Some of us have been too delicate about personal relations,’ said Martin, back in my office, sitting by the window in the murky afternoon. ‘People matter; relations between them don’t matter much.’
I stood looking out of the window, where the lights scintillated under a sky ochreous and full of snow,
‘Lewis!’ His voice was quiet: it was rare, when we were alone, for us to use each other’s name.
‘That night after old Bevill left you said some true things,’ he said.
‘You also,’ I said.
‘I am colder hearted than you are. I care much less for the people round me.’

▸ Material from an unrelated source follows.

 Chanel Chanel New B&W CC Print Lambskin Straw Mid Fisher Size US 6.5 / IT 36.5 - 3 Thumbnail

‘Why are you saying this?’
‘If it weren’t so, I couldn’t have made this choice.’
For any of us who had been concerned with the bomb, he repeated Luke’s earlier comment, there was no clear-cut way out. Unless you were a Sawbridge. For the rest of us, said Martin, there were just two conceivable ways. One was the way he had just taken: the other, to struggle on, as Luke was doing, and take our shame of what had been done and what might still be done, and hope that we might come out at the end of the tunnel. Being well meaning all the time, and thinking of nothing worse than our own safety.
‘For a warm-hearted man who’s affected by the people round him,’ said Martin, ‘perhaps it’s the only way. It’s the way you’re going, though you’re more far-sighted than they are.’

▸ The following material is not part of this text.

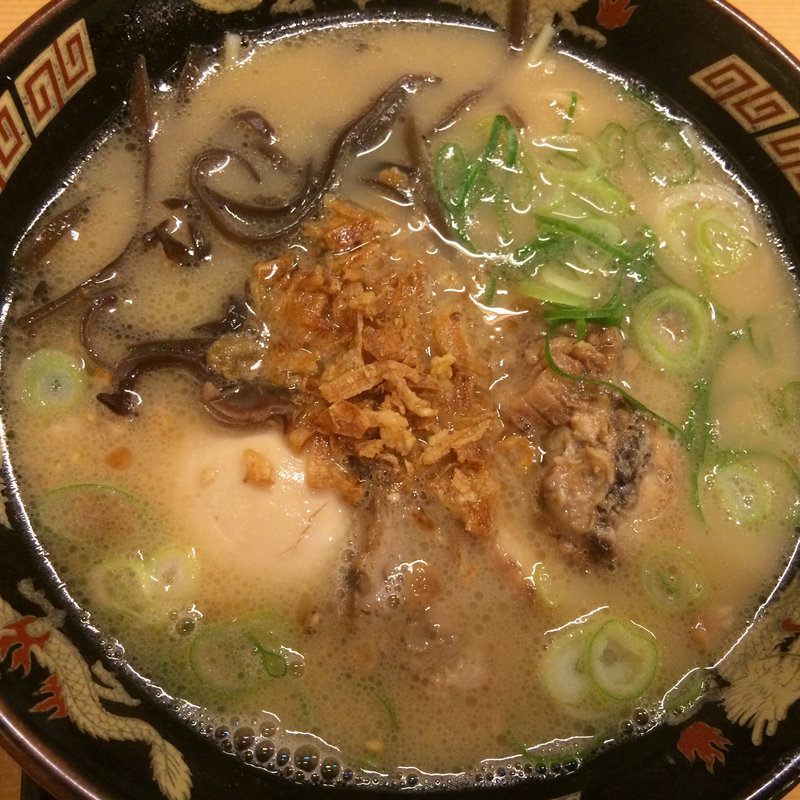 豚とろラーメン 半熟卵入り(豚とろ 鹿児島中央駅前店 )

‘It wouldn’t be easy for me,’ I said after a pause, ‘to break right away.’
‘If you do choose their way,’ he said with sudden energy, ‘I’ve shown you how to do it.’

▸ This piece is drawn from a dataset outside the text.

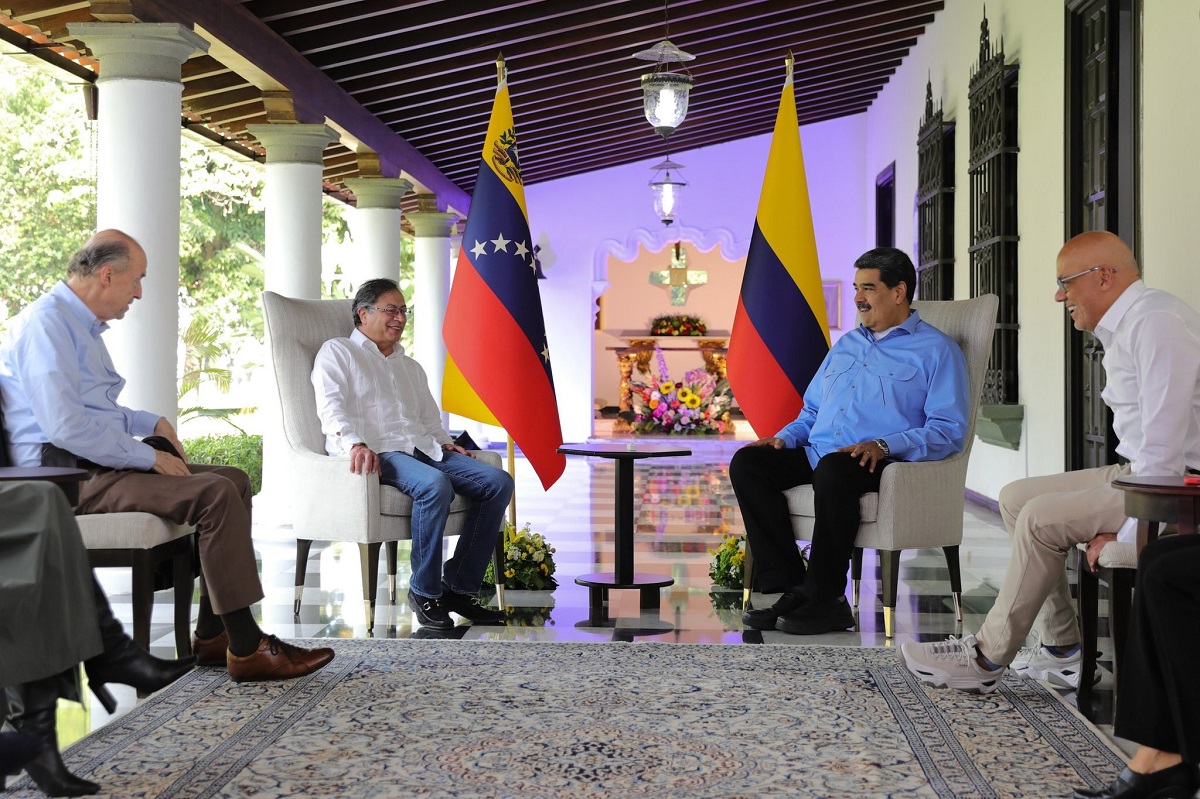 Colombia y Venezuela evalúan crear una Zona Económica Binacional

He meant that you could not compromise. If you accepted the bomb, the burnings alive, the secrets, the fighting point of power, you must take the consequences. You must face Sawbridge with an equal will. You were living in a power equilibrium, and you must not pretend; the relics of liberal humanism had no place there.
‘I completely disagree,’ I said.
‘You can’t find a compromise. But your personal ties keep you making them,’ said Martin. ‘That’s why you leave it to worse men to take the other way.’ He went on: ‘Sometimes it’s only the cold who can be useful.’
It had taken him a long time to be positive about what he must do: but now he spoke as though he had it in the palm of his hand. Previously he had wondered about leaving science altogether. He had contemplated ‘doing a Charles March’ (a friend of mine who, years before, had given up society and career in order to become a doctor) — but Martin decided that for him it was too ‘artificial’, too much out of his line. For him, there was only one course, to go back to pure science.
Most unusually for him, he showed a flicker of bravado.
‘I shall be just a little better than those pundits say,’ he said.
He had not many illusions, though perhaps, just as he contrived to see Irene both with realistic observation and also surrounded with a romantic aura, he could still feel, in the depth of his heart, a tremor of the magic that science had once evoked there.